■ Source information
%%

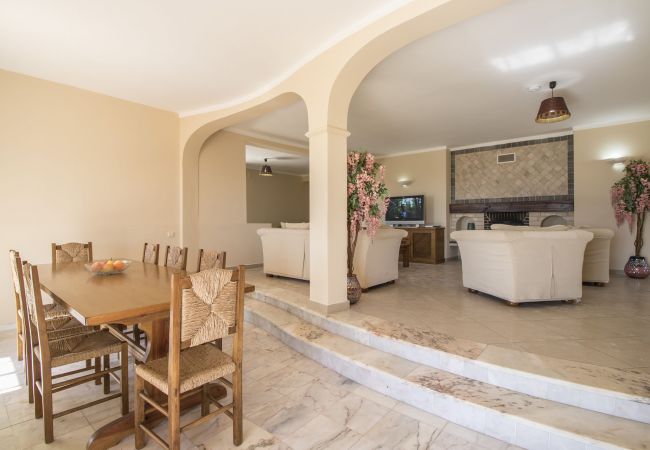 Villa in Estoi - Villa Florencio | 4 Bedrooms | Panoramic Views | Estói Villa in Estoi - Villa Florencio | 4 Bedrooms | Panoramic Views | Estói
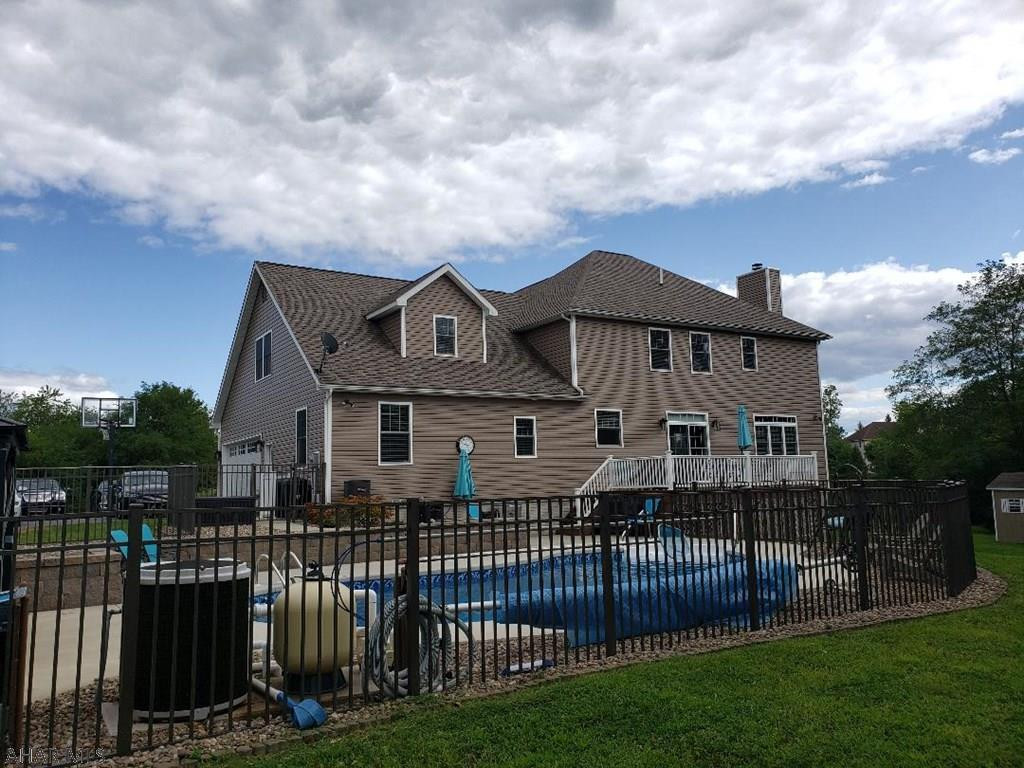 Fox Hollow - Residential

%%
%%

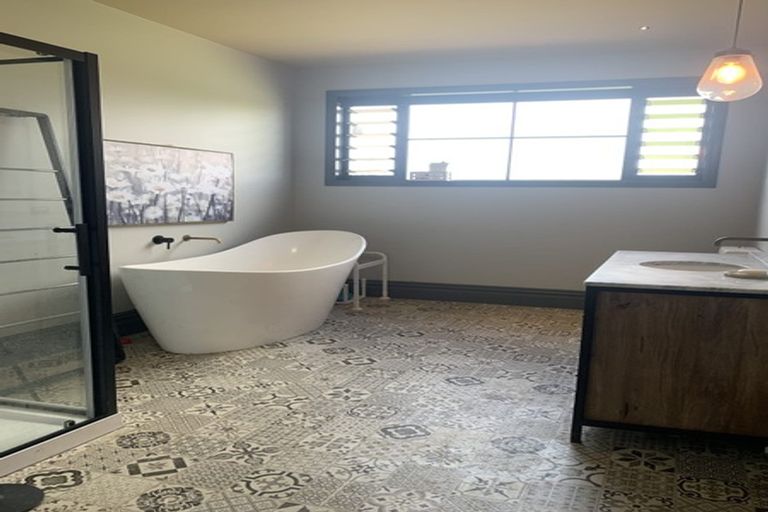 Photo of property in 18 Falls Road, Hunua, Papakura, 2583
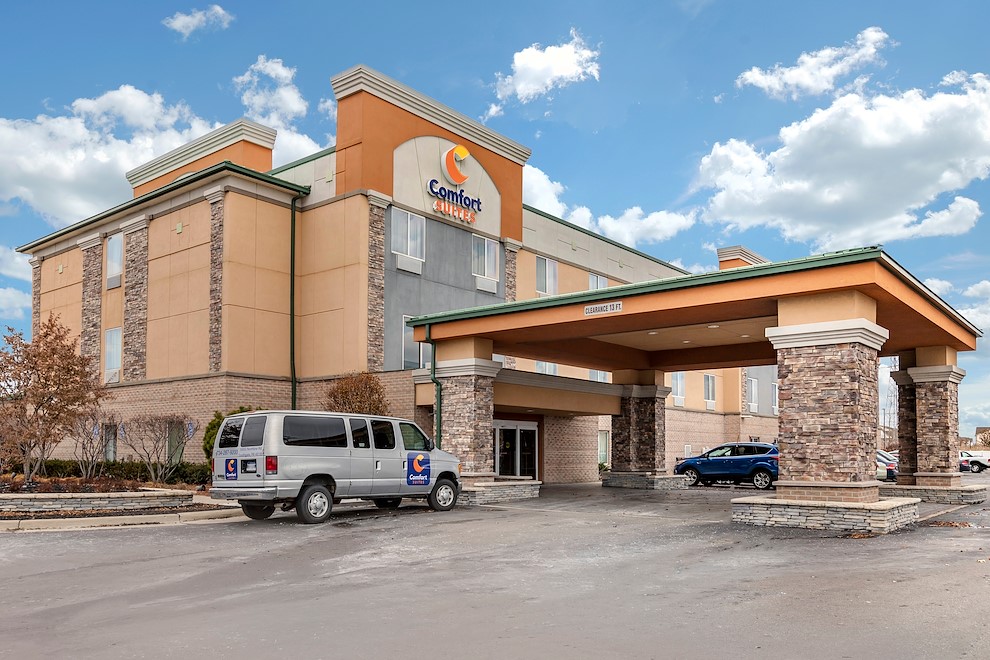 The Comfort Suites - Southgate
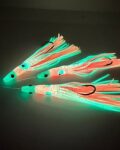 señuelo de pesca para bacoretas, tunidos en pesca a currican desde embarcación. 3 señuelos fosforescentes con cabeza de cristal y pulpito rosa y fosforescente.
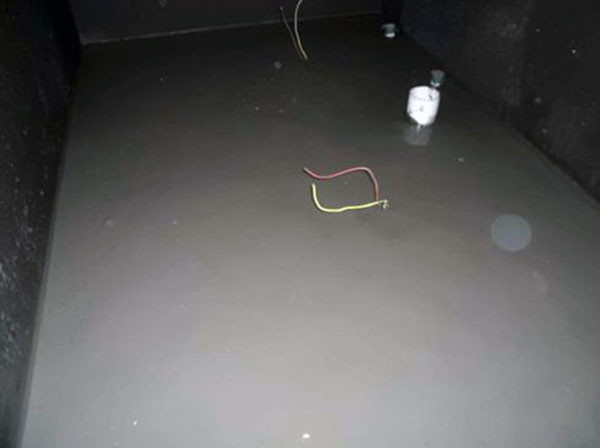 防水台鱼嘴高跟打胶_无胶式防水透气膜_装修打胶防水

%%
%%

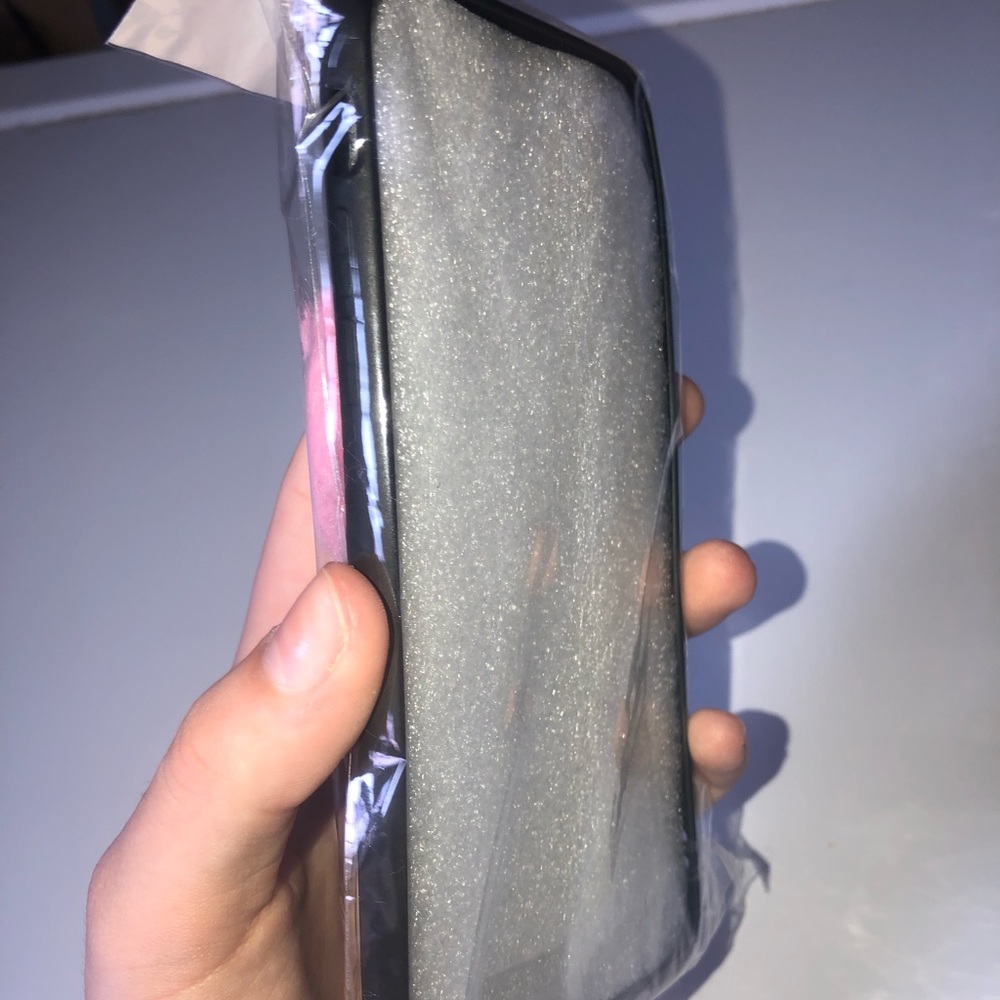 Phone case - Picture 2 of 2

%%

■ Task description
Only one part of the listing is wanted: the lines from the one containing "Estói Villa in" through the one containing "Fox Hollow - Residential", both included. Please transcribe it exactly, leaving out the pictures.

■ Exercise solution
 Villa in Estoi - Villa Florencio | 4 Bedrooms | Panoramic Views | Estói Villa in Estoi - Villa Florencio | 4 Bedrooms | Panoramic Views | Estói
 Fox Hollow - Residential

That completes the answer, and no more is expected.